[[ ENTRIES SUPPLIED, beginning ]]
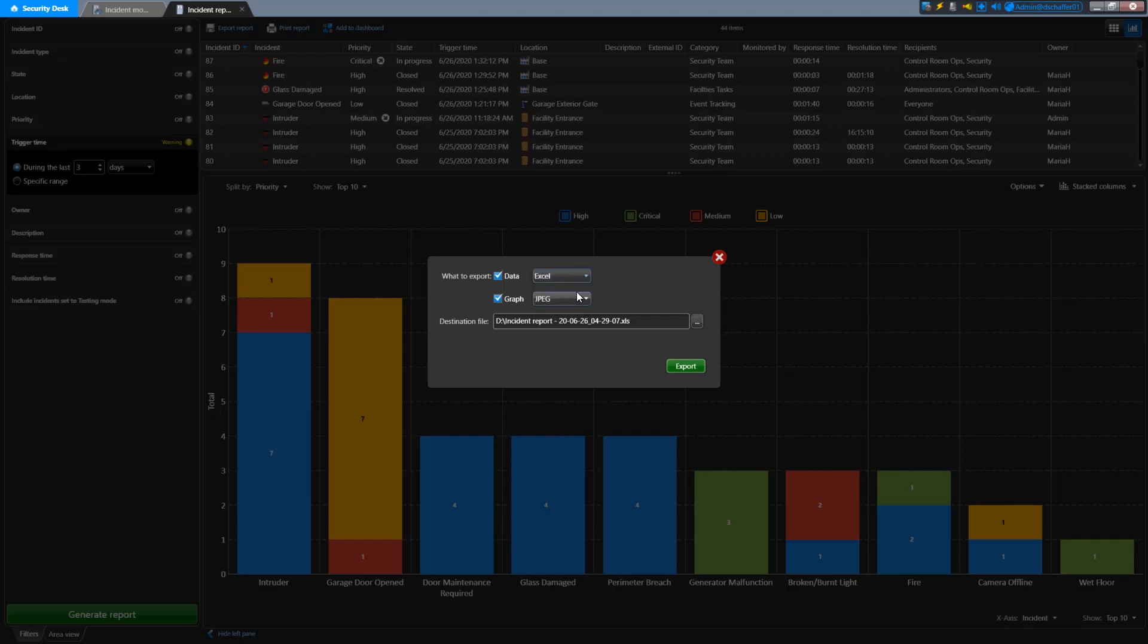The graph or chart can be saved in a JPEG or PNG format in case you want to include it in a presentation or report that you're preparing.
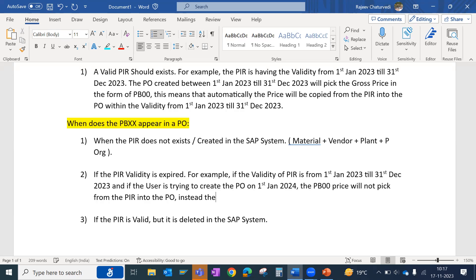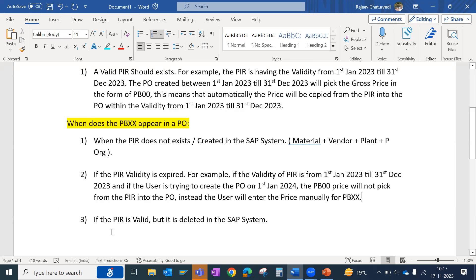Instead, the user will enter the price manually via PBXX. The third condition is if a PIR is valid but has been deleted in the SAP system. These were the important features and differences between both gross price conditions PB00 and PBXX.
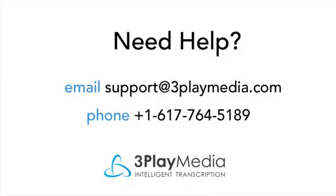Thank you for watching this video on using the captions plugin. Please feel free to contact us if you have any questions or need additional support.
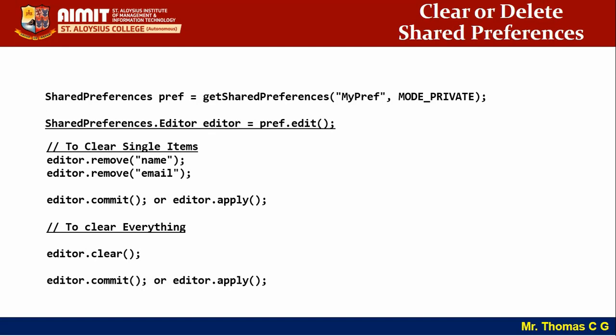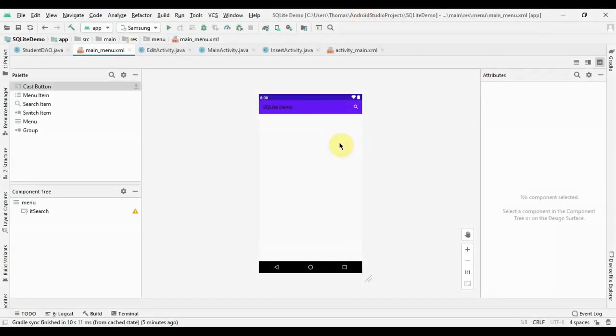With that, the introduction to shared preferences is over. Rather than creating a new project, let's apply this in the existing SQLite demo project. To demonstrate, I'm going to implement one setting — theme. I'll give the user an option to choose dark or light theme, and once chosen, the theme will change across the app, not just the first page but all other pages too.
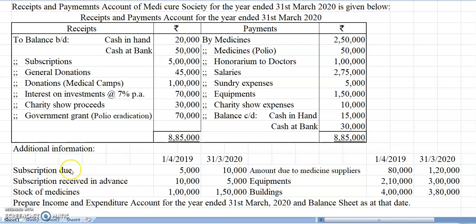In the additional information: salary outstanding, subscription outstanding on opening and closing, subscription received in advance on opening and closing, stock of medicines on opening and closing, and amount due to medicine suppliers — that means the outstanding amount to be paid. Last year outstanding was 80,000 and this year ending 1,20,000 is outstanding. Then opening and closing balances for asset accounts — equipment and building — are given. With that information we are going to prepare an income and expenditure account.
[[ ENTRIES SUPPLIED, end ]]
▶ **TASK DIRECTIONS**:
Wherever a picture appears in the records above, skip it and retype everything else exactly.

▶ **EXERCISE RESPONSE**:
The graph or chart can be saved in a JPEG or PNG format in case you want to include it in a presentation or report that you're preparing.
Instead, the user will enter the price manually via PBXX. The third condition is if a PIR is valid but has been deleted in the SAP system. These were the important features and differences between both gross price conditions PB00 and PBXX.
Thank you for watching this video on using the captions plugin. Please feel free to contact us if you have any questions or need additional support.
With that, the introduction to shared preferences is over. Rather than creating a new project, let's apply this in the existing SQLite demo project. To demonstrate, I'm going to implement one setting — theme. I'll give the user an option to choose dark or light theme, and once chosen, the theme will change across the app, not just the first page but all other pages too.
In the additional information: salary outstanding, subscription outstanding on opening and closing, subscription received in advance on opening and closing, stock of medicines on opening and closing, and amount due to medicine suppliers — that means the outstanding amount to be paid. Last year outstanding was 80,000 and this year ending 1,20,000 is outstanding. Then opening and closing balances for asset accounts — equipment and building — are given. With that information we are going to prepare an income and expenditure account.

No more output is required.